BRIEF –
Print the line containing "DOÑA ANA MARÍA DIEGO OBREGÓN" and all lines after it, unchanged, through the end of the data. Leave the pictures out.

WORKING DATA –
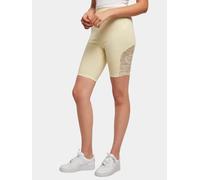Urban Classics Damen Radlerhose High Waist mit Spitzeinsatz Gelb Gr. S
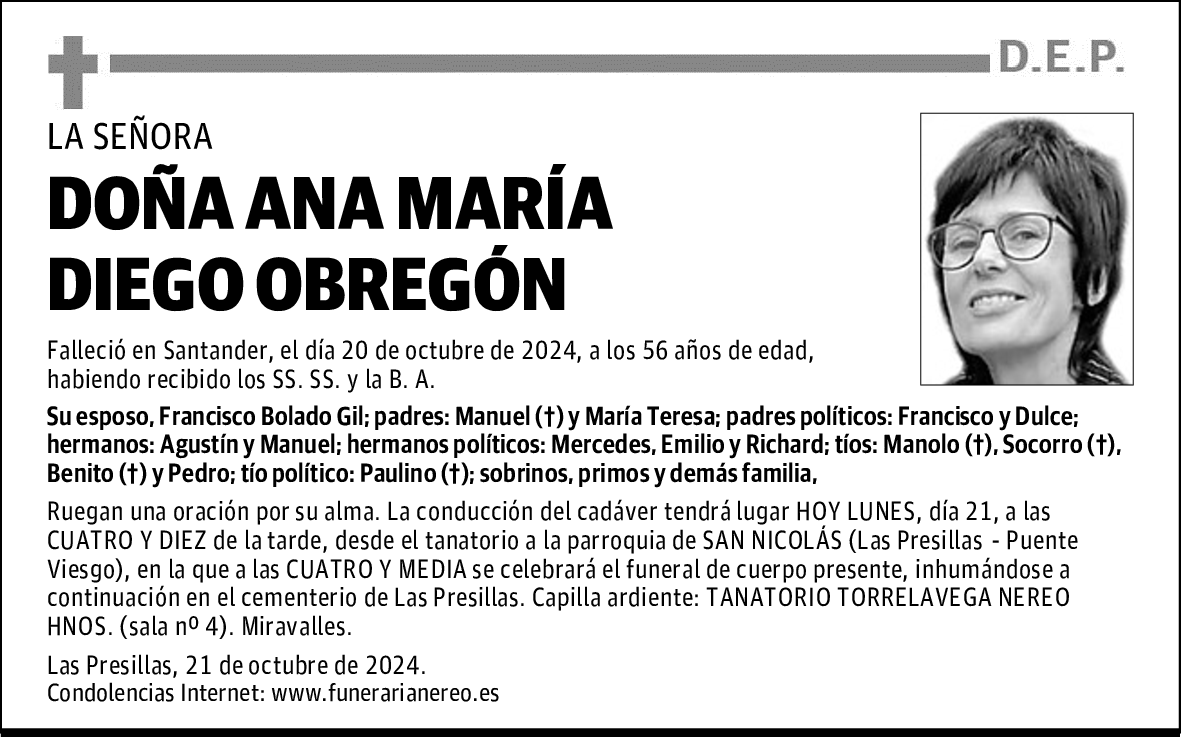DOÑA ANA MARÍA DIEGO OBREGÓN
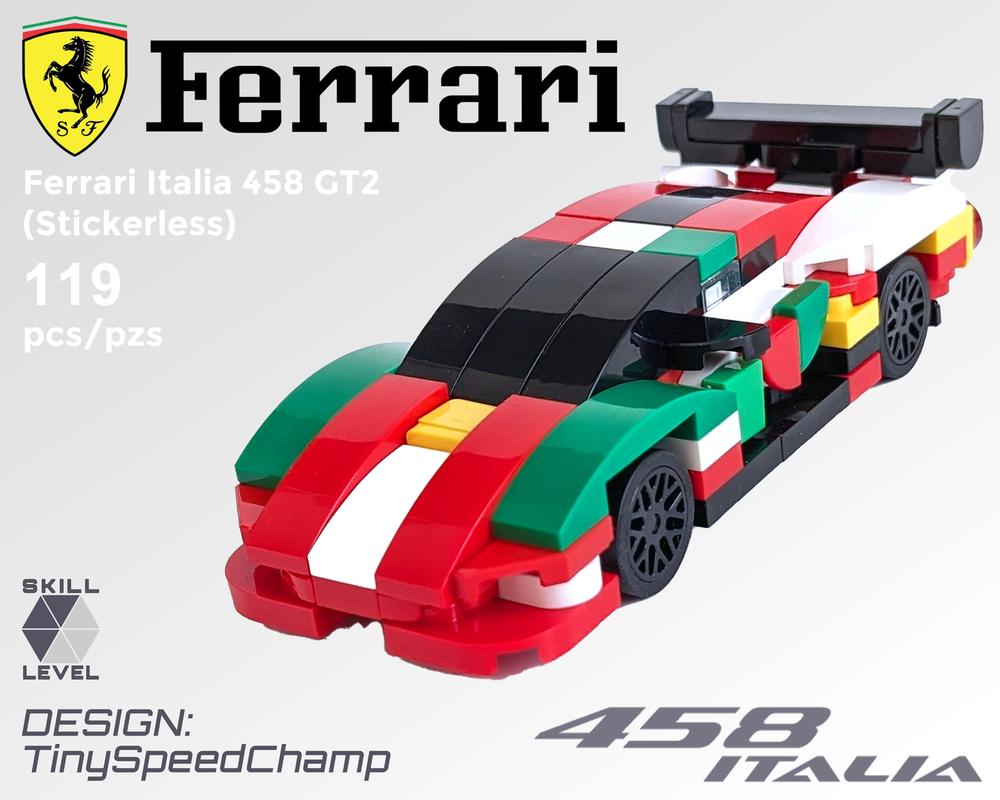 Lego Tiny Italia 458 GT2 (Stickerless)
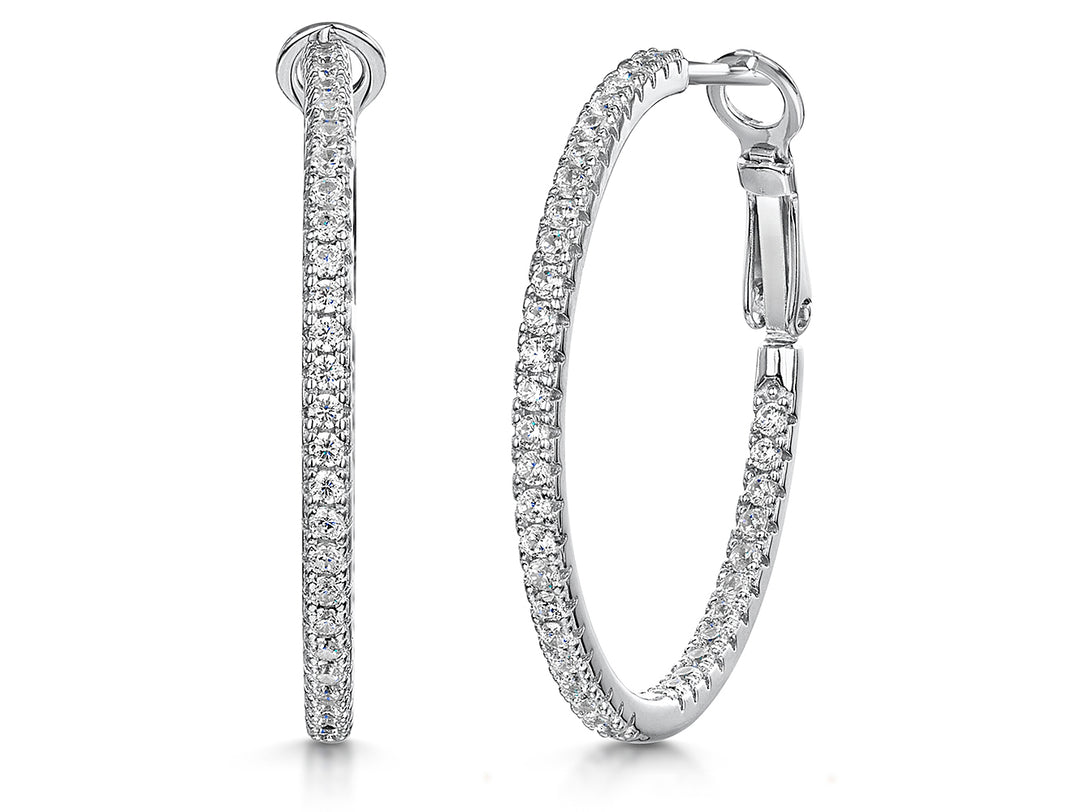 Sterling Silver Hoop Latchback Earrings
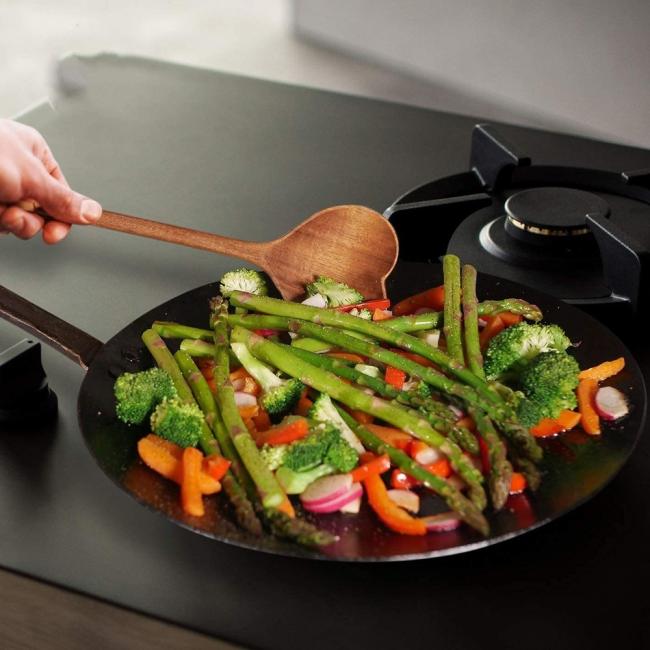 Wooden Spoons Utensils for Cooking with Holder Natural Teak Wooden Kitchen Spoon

SOLUTION TO THIS EXERCISE –
DOÑA ANA MARÍA DIEGO OBREGÓN
 Lego Tiny Italia 458 GT2 (Stickerless)
 Sterling Silver Hoop Latchback Earrings
 Wooden Spoons Utensils for Cooking with Holder Natural Teak Wooden Kitchen Spoon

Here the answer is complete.